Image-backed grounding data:
╭──

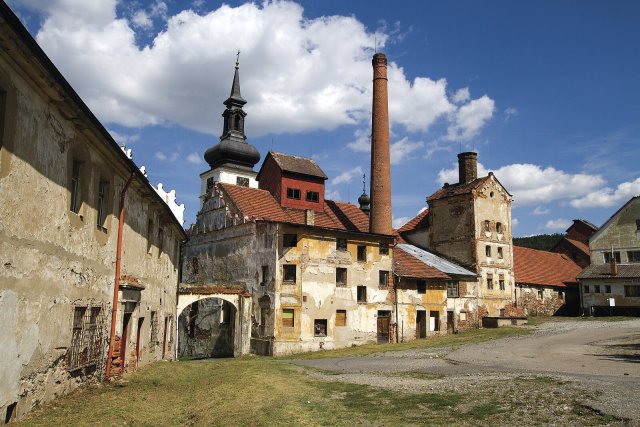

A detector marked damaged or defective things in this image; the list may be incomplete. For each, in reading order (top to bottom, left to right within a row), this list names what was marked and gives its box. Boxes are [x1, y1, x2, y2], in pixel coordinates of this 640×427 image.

broken window [68, 306, 104, 370]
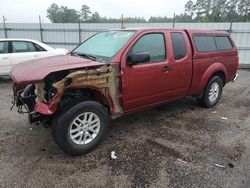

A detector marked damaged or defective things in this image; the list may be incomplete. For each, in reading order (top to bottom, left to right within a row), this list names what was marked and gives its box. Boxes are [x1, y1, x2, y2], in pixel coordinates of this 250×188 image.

damaged front end [11, 64, 123, 124]
torn body panel [34, 64, 123, 118]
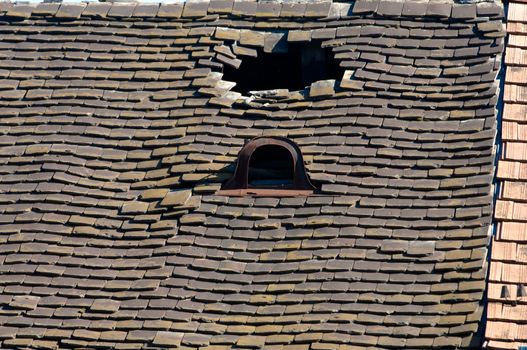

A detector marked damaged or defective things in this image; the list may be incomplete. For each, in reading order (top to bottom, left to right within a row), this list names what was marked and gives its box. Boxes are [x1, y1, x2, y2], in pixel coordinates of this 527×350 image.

rusty metal roof vent [220, 137, 318, 197]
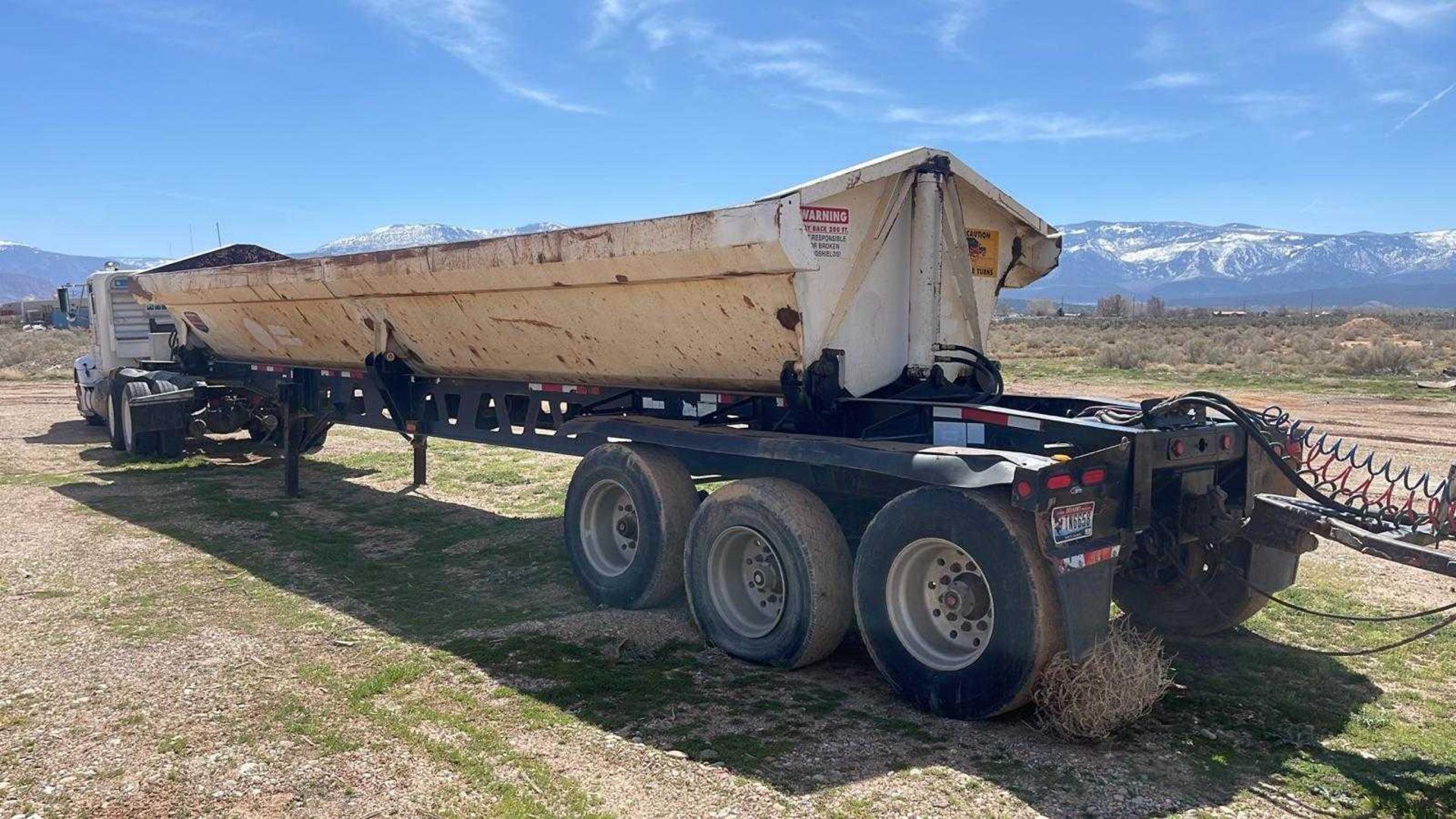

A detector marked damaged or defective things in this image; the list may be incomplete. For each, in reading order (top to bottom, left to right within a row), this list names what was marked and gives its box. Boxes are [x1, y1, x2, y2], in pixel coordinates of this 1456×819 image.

rusty dump body [133, 149, 1056, 400]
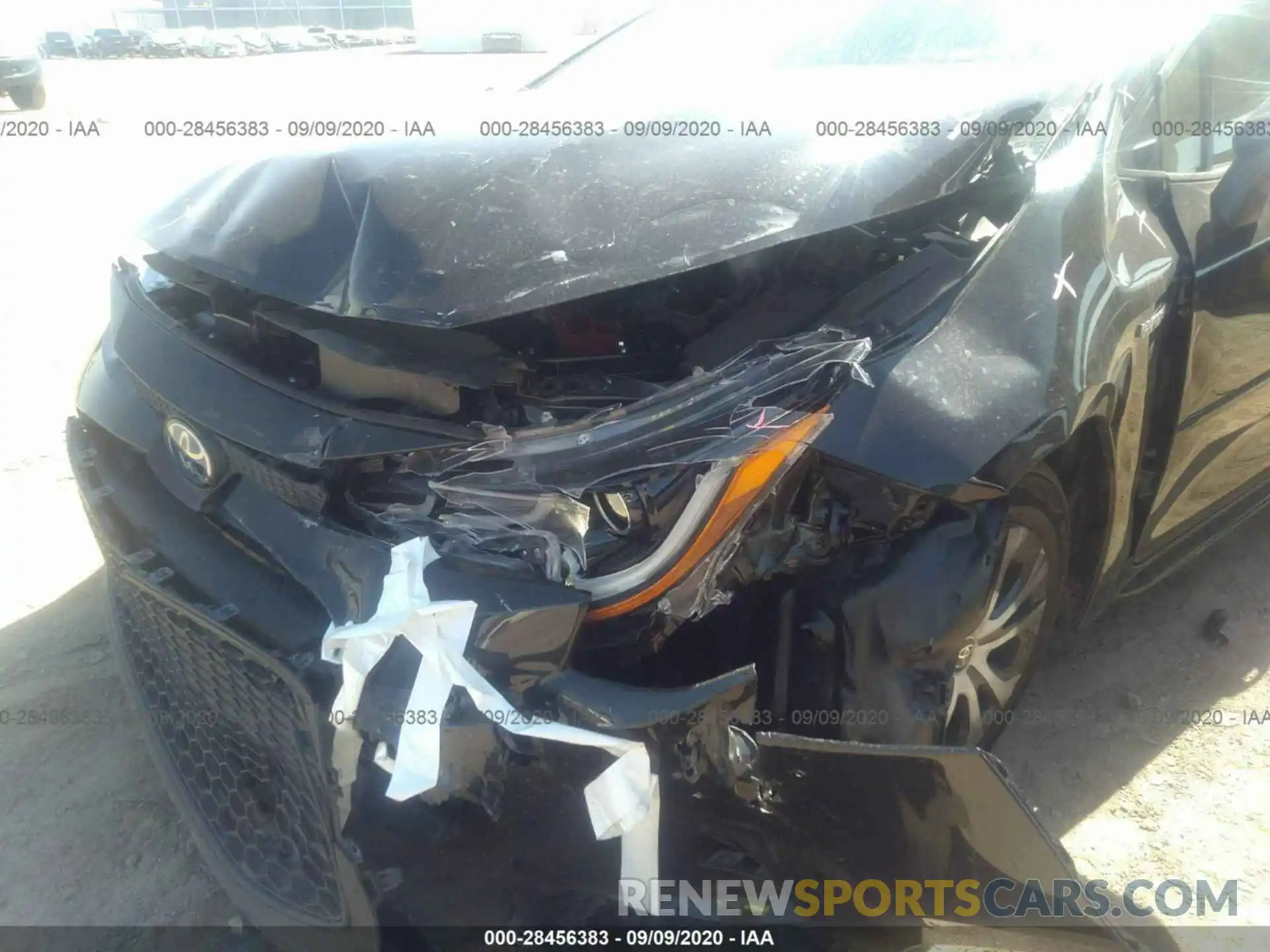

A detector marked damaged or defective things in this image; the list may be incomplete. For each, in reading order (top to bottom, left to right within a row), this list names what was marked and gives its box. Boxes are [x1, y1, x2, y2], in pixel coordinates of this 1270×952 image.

╰──

*Problem to work on*: Pictures are not part of the copy. Extract exactly the lines from the line containing "this 1456×819 image." through the final line of the entries above, both included.

*Answer*:
A detector marked damaged or defective things in this image; the list may be incomplete. For each, in reading order (top to bottom, left to right within a row), this list names what was marked and gives its box. Boxes are [x1, y1, x2, y2], in pixel coordinates of this 1456×819 image.

rusty dump body [133, 149, 1056, 400]

A detector marked damaged or defective things in this image; the list may be incomplete. For each, in reading order (top to bottom, left to right within a row), this list names what was marked and gives its box. Boxes are [x1, y1, x2, y2], in pixel coordinates of this 1270×952 image.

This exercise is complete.